Segment Start: GIVEN RECORDS

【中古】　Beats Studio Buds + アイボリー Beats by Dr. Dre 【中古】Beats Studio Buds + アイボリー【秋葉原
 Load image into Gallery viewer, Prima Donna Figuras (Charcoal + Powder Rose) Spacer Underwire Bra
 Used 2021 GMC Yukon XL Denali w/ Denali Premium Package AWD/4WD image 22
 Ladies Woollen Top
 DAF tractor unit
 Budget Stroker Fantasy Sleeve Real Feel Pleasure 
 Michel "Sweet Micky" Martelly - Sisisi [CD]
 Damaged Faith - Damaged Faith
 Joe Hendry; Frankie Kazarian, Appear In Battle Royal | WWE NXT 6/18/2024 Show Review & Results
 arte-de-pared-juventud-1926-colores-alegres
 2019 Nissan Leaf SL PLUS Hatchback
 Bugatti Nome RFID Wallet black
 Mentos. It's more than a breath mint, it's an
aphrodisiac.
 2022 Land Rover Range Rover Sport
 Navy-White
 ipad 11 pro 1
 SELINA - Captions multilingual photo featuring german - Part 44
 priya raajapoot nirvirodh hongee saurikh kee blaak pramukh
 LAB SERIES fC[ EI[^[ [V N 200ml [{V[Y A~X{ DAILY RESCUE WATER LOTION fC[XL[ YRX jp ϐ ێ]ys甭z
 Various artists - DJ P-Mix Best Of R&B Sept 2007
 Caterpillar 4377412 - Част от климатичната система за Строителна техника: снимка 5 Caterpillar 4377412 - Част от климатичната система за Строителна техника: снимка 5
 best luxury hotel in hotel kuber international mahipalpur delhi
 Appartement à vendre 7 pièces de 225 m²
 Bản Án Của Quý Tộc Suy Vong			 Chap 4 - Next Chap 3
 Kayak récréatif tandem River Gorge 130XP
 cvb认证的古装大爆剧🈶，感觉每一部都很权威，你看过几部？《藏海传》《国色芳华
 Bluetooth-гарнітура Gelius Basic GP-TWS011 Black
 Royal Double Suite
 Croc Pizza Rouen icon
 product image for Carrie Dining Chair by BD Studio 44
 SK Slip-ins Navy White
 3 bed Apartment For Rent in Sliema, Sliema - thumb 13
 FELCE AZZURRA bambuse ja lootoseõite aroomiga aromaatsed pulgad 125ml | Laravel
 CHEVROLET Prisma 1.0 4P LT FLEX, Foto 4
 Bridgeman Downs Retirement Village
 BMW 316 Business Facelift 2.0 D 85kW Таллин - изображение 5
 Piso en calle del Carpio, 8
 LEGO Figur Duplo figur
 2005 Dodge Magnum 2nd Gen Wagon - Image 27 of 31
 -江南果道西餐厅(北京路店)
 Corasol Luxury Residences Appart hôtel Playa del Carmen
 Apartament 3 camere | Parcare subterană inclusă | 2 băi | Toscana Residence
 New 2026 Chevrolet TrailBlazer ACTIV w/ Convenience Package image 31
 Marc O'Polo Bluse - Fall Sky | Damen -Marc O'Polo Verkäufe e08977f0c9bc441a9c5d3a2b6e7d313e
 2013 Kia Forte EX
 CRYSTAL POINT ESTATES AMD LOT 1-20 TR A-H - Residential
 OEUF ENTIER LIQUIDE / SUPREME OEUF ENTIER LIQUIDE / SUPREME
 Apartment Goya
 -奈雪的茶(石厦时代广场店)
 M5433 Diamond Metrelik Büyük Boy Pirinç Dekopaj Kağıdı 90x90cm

Segment End: GIVEN RECORDS

• _WHAT TO WORK ON_: Between the first line of the entries above and the line with "Bugatti Nome RFID Wallet black", both included, copy every line exactly and nothing outside that range.

• _SOLVED PROBLEM_:
【中古】　Beats Studio Buds + アイボリー Beats by Dr. Dre 【中古】Beats Studio Buds + アイボリー【秋葉原
 Load image into Gallery viewer, Prima Donna Figuras (Charcoal + Powder Rose) Spacer Underwire Bra
 Used 2021 GMC Yukon XL Denali w/ Denali Premium Package AWD/4WD image 22
 Ladies Woollen Top
 DAF tractor unit
 Budget Stroker Fantasy Sleeve Real Feel Pleasure 
 Michel "Sweet Micky" Martelly - Sisisi [CD]
 Damaged Faith - Damaged Faith
 Joe Hendry; Frankie Kazarian, Appear In Battle Royal | WWE NXT 6/18/2024 Show Review & Results
 arte-de-pared-juventud-1926-colores-alegres
 2019 Nissan Leaf SL PLUS Hatchback
 Bugatti Nome RFID Wallet black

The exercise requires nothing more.